Ever since I was really little, people always told me that I was so skinny. Like unbelievably skinny. I’ve had my dad’s friends and people my mom has introduced me to, look at me and the first thing they’d comment is that I was so skinny. I’ve had random ass strangers in the food isle at Walmart, who somehow feel the need to criticize my life, tell me that I’m too skinny and I should go eat a cheeseburger. And as much as I’d like to look at them and tell them that I actually had two cheeseburgers, a large fry, a milkshake, and a slice of pie before coming here; I just don’t say anything cause, well, who cares. Other people’s opinions were never important enough to waste my breath on.
You know, when I was little and growing up, I always just saw myself as normal. In my mind, I wasn’t skinny, or too skinny, or underfed; I was always just me. I never thought about my weight and I never thought anything was wrong with me.

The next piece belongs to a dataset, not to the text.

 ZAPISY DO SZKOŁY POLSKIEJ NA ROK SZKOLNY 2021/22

I knew I was a small person cause I’ve always been small. I knew I was thin, but I never saw myself as ‘skinny’ as people made me sound. My legs and arms didn’t look like twigs or anything. And I never compared how I looked to how other people looked because ‘Who cares? Every body is different and their bodies don’t matter to me.’ was my mentality at that age. Then one day I did start to look around and I’d go to school and see girls around my age, give or take a couple years, who were way thinner and skinnier than I was, who had the thinnest little chicken legs and noodles arms, literally looking like skin just covering bones, and with seeing that, I never understood how I got picked on for being the skinny one.

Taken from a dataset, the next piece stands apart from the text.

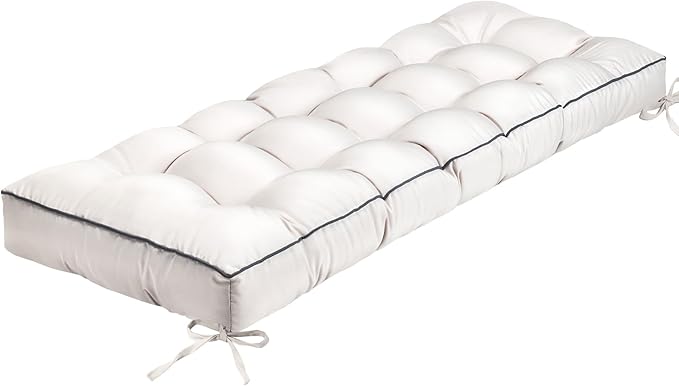 Outdoor Bench Cushion, Tufted Patio Seat Pad for Garden Bench, Porch Swing, Indoor/Outoor Furniture (Cream, 48X18X4 inch)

It actually wasn’t until I was about 14 that I started feeling a little uncomfortable in my own skin cause every single day I’d be told that I was so skinny. And I didn’t like that. It got to the point where I started looking in the mirror with thoughts in my head like, ‘I look too skinny in these jeans. I need to change into something that makes me look a little bigger.’ I wouldn’t wear shorts, or even show my legs outside my house; I’d wear long sleeves to cover my arms or I’d wear hoodies to cover my body so it didn’t look like I was that skinny; all because people made me feel uncomfortable. Like, I was actually thinking and doing that stuff.

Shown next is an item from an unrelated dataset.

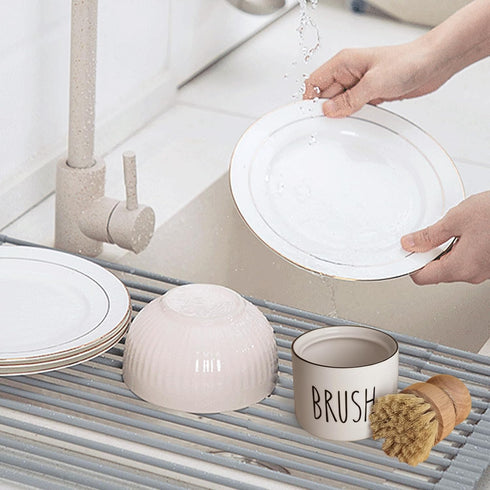 ONTUBE Ceramic Dish Brush Holder, Farmhouse Scrub Brush Holder Dishwashing Brush Stand, Soap Dispensing Kitchen Brushes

How I felt at the time and about my appearance only lasted for about a year. Then I got over it cause I didn’t see the point anymore x) lol I just didn’t care enough for it to cause me real problems. I was like ‘You know what? Who cares. Screw you and you and you and what you think. You’re nobody to me. So why would I let you make me feel like there’s something wrong with me?’ Lol it only took me a short amount of time to change my mind and attitude.
And I think that’s the difference between me and a lot of girls, or even guys, who have had thoughts contradicting their weight caused by other people’s comments. I just didn’t care about what other people were saying. Who were they to me and why should anyone else’s opinion of me and my weight override what I think of me and my weight? How I feel about myself is much more important than what anyone else thinks.
I remember being compared to the weight and size of my friends, random people at my school, and even my family compared my weight and size to the weight and size of my little cousin. I was always just like, ‘Well, everyone is different and has different bodies.’ But one thing I’ll never understand is why people say those things. Do they think because I was a little kid, that I didn’t have feelings? Do they not think that person knows that about themselves? Overweight people know they’re overweight. Underweight people know they’re underweight. Tall people know they’re tall. And short people know they’re short. So why do people feel the need to put that out there as if we don’t already know?
Nowadays, I rarely ever have people telling me that I’m too skinny. I haven’t heard that in a very long time. Except for this one time, last year, when I went to Walmart. And of course Walmart people are obnoxious anyway. I was in the produce section grabbing avocados and this older white woman looks at me and out of nowhere says, ‘Girl you need to get some meat on your bones! You’re too damn skinny!’ I just looked at her with a smirk, laughed at her a little, then said ‘Nehhh, I’m good.’ And walked away with my four avocados.
(And just for reference, I’m 5’5 and 105 pounds)
You see, the thing is, EVERYONE struggles with their weight. And everybody deals with it differently, whether you’re labeled underweight or overweight. Being called fat and being called skinny feels the same way, has the same effect, and can be hurtful when people address it and say it in a way meant to be hurtful. I’ve had people tell me I’m skinny like it offends them or disgusts them. And honestly, if you don’t like the way I look, that’s not my problem, it’s YOUR problem. And I really don’t care.
This is the body I have and I literally and physically can’t change it. I can eat all the food I want, try to gain healthy weight, but that’s impossible for me and I’ve accepted that.
THIS is my body. And I LOVE my body.
I hope you all love yourselves and your bodies as well. And if you don’t, well, try and change it. If you can’t change it, change your attitude.